• ACTION ITEM
Keeping pictures out of the copy, restate each record word for word.

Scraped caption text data
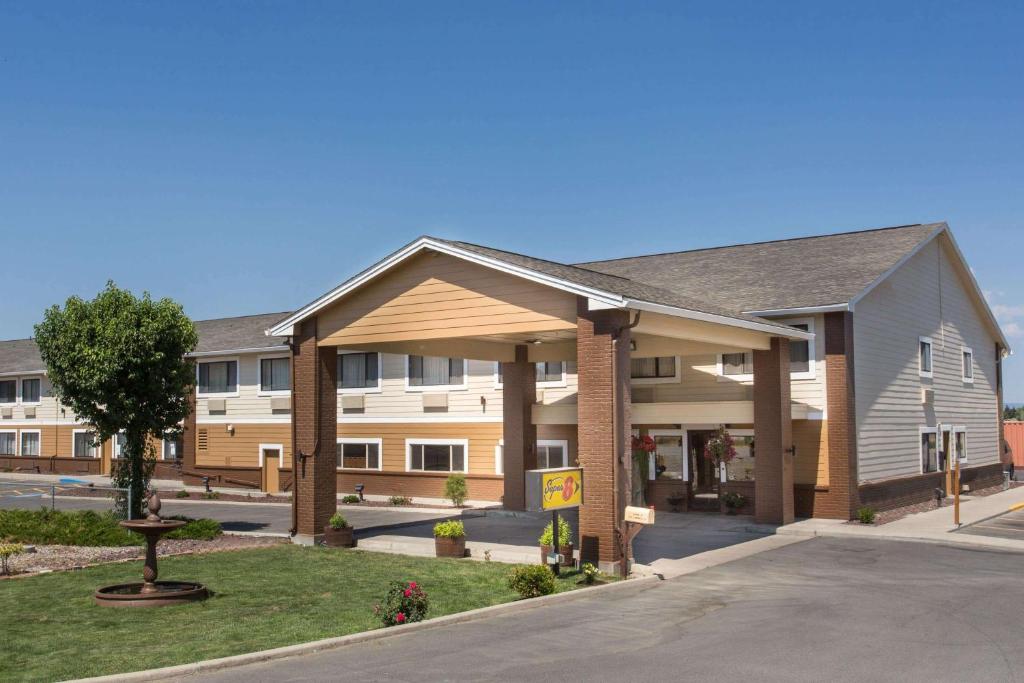 Super 8 by Wyndham Baker City - main image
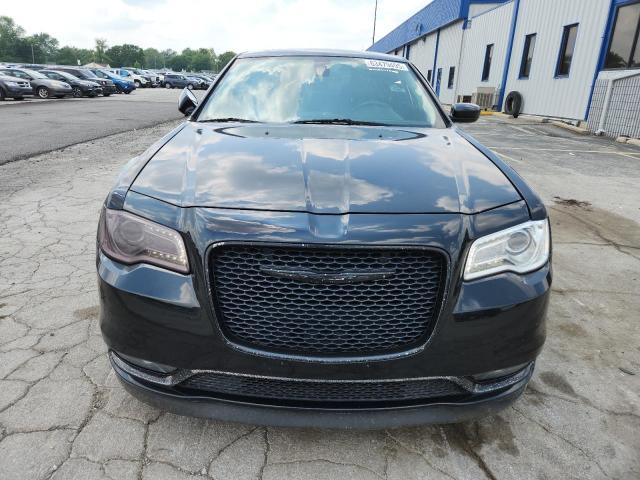 Photo 5 from auction – 2016 CHRYSLER 300 LIMITE with VIN 2C3CCARG7GH344252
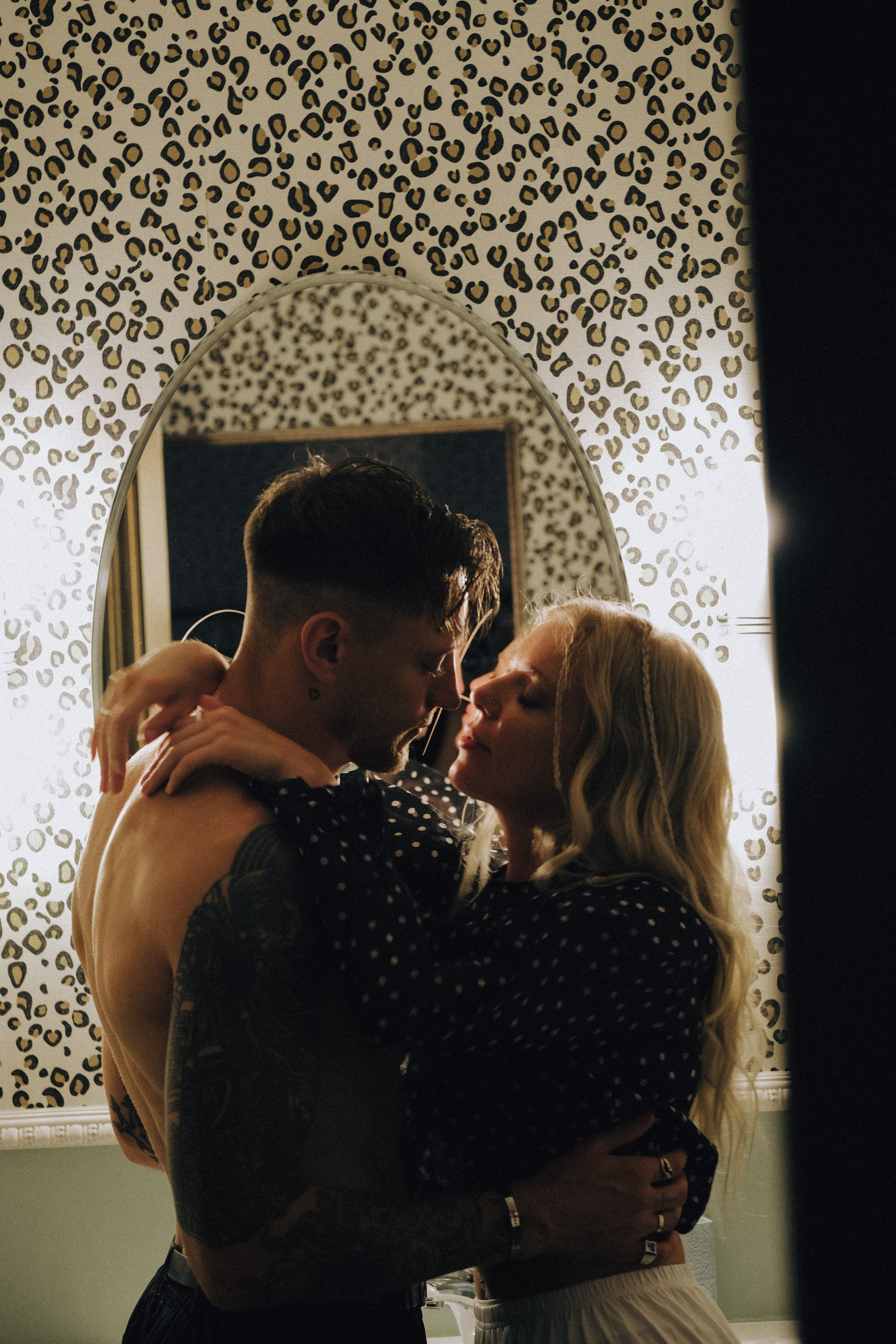 СВАДЕБНАЯ СЬЕМКА С КАБРИОЛЕТОМ В САНТК-ПЕТЕРБУРГЕ НА ПЕТРОГРАДКЕ В ОТЕЛЕ ПАНОРАМИКА. Профессиональный фотограф, Санкт-Петербург — Виктория Богомолова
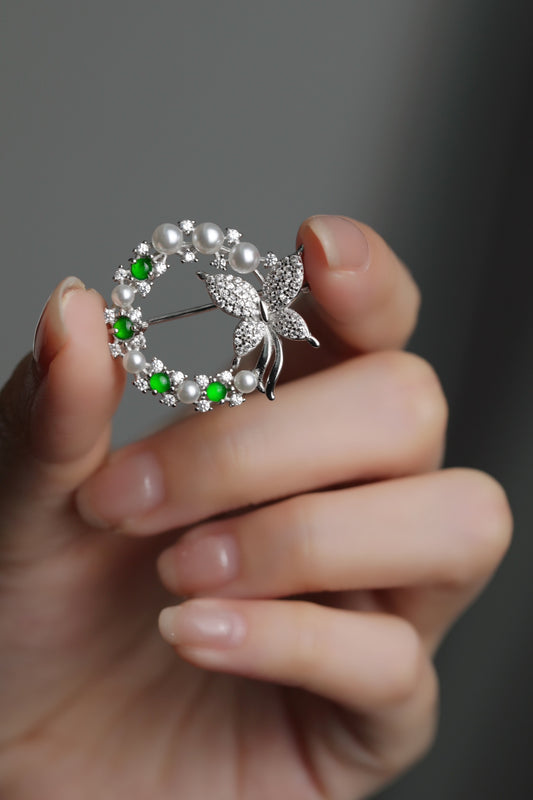 925 Silver Round Jade Butterfly Brooch (Overall Dimensions: 28.3mm x 24.6mm x 8.8mm)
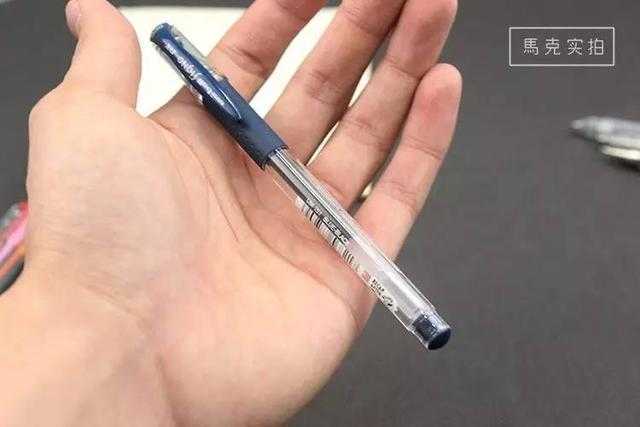 若是要把市面上的中性笔都测一个遍的话,不仅不太可能,也没这个需要.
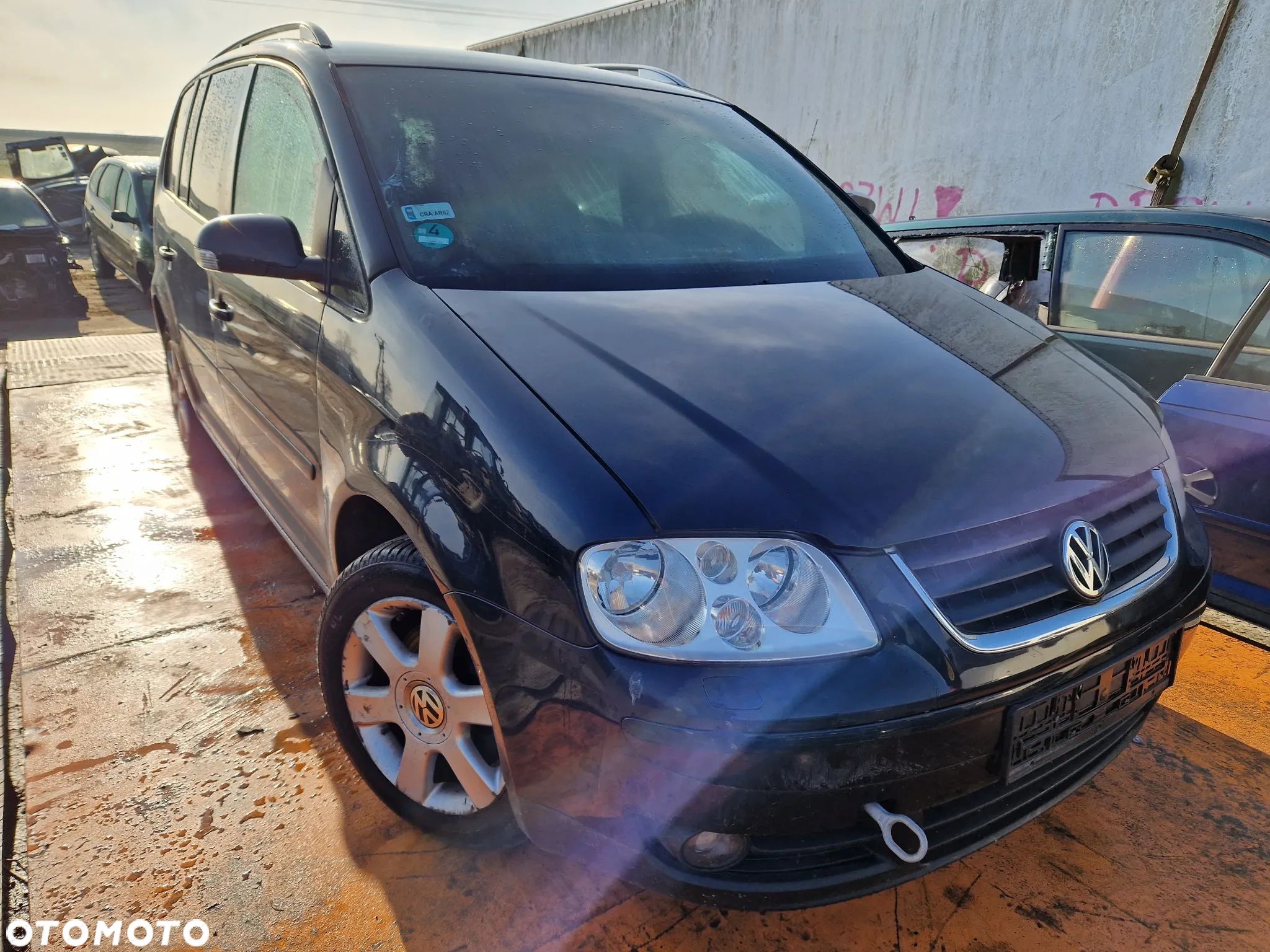 VW TOURAN I HIGHLINE 2003-2010 Silnik 2.0 TDI AZV 136KM/100kW LC9Z na części drzwi zderzak klapa - 1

• RESULT OF THIS TASK
 Super 8 by Wyndham Baker City - main image
 Photo 5 from auction – 2016 CHRYSLER 300 LIMITE with VIN 2C3CCARG7GH344252
 СВАДЕБНАЯ СЬЕМКА С КАБРИОЛЕТОМ В САНТК-ПЕТЕРБУРГЕ НА ПЕТРОГРАДКЕ В ОТЕЛЕ ПАНОРАМИКА. Профессиональный фотограф, Санкт-Петербург — Виктория Богомолова
 925 Silver Round Jade Butterfly Brooch (Overall Dimensions: 28.3mm x 24.6mm x 8.8mm)
 若是要把市面上的中性笔都测一个遍的话,不仅不太可能,也没这个需要.
 VW TOURAN I HIGHLINE 2003-2010 Silnik 2.0 TDI AZV 136KM/100kW LC9Z na części drzwi zderzak klapa - 1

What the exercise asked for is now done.